Blind Seer sighed agreement. In this, at least, he was willing to assent that humans were incomprehensible, even by one who wished to comprehend them.
"Still," Firekeeper said reluctantly after a further pause, "I should at least tell Derian. It is possible that Queen Valora knew of the assassins—perhaps they were even her tools—and hoped to come into the castle when the killing was done."
Without further discussion, they left their vantage point. Some of the departing guests, looking upward and seeing the vanishing blur of grey fur and brown leather, hastened their paces without conscious volition, glad to be leaving a place where wolves and wild women walked unchecked and unchallenged.

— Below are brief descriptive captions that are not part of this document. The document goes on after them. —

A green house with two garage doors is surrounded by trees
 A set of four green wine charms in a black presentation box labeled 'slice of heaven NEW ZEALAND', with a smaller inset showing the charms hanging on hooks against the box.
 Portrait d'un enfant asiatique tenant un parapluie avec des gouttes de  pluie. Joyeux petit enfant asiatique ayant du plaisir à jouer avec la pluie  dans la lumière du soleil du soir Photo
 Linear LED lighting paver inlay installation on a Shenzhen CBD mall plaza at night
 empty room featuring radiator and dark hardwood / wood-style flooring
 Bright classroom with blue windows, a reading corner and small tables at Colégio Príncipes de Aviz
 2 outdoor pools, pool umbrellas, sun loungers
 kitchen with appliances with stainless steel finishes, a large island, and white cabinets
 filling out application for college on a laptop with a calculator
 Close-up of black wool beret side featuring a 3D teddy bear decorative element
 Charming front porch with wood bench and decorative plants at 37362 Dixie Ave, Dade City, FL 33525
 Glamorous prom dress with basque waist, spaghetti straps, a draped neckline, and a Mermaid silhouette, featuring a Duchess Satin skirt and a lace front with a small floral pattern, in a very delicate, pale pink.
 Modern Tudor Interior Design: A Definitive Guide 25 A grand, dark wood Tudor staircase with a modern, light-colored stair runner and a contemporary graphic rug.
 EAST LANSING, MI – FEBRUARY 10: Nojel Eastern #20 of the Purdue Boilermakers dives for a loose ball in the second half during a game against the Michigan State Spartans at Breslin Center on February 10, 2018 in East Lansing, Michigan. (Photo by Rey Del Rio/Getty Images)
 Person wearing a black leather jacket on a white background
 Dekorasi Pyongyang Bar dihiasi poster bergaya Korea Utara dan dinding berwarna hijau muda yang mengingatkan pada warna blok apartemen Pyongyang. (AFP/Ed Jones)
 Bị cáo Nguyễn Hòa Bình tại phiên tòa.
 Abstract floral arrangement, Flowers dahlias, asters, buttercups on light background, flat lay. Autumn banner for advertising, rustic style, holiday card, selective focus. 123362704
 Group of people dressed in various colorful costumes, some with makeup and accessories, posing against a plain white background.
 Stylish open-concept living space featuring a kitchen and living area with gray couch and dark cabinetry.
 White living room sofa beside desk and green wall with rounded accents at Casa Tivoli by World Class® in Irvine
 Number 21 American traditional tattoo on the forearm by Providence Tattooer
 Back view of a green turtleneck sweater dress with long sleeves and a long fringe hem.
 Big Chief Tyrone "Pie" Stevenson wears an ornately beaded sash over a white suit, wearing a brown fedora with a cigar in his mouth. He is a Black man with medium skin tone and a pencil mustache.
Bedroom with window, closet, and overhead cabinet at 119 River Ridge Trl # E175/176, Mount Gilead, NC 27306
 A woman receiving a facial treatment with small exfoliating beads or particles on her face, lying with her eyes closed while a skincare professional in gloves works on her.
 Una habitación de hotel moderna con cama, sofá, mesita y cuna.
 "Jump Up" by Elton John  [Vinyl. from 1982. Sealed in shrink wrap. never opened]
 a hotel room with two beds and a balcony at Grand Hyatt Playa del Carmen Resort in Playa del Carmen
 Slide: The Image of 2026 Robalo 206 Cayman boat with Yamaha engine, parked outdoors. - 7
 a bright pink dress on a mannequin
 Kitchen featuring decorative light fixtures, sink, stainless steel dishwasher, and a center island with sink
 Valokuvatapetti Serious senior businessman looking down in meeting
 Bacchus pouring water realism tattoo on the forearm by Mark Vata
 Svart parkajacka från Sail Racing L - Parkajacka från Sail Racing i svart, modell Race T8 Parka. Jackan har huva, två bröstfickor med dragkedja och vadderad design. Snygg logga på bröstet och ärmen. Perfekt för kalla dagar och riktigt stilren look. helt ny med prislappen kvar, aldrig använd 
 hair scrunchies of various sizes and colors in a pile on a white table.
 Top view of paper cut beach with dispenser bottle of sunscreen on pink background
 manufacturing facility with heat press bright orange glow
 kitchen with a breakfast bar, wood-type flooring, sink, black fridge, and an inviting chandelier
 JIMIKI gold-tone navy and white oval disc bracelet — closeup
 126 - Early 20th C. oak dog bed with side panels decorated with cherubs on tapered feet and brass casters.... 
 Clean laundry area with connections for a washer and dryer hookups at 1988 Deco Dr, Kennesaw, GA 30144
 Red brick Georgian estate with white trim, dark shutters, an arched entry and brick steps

Derian Carter set down the quill with which he was writing a letter to his parents when Firekeeper and Blind Seer walked into his room unannounced. The young woman's expression was lit from within with a strange intensity, an intensity he fancied he saw mirrored in the gaze of the blue-eyed wolf.
"You alone, Fox Hair?" Firekeeper asked.
The query was no mere politeness, Derian realized. Blind Seer was sniffing as if to catch any intruder's scent, and Firekeeper moved to check behind the window hangings.
"I am," Derian assured her, "though I might not have been. You really should learn to knock. I could have been entertaining."
Firekeeper wrinkled her brow for a moment. "Oh, you mean you could be with someone I shouldn't see you with like the kitchen maid at West Keep, right?"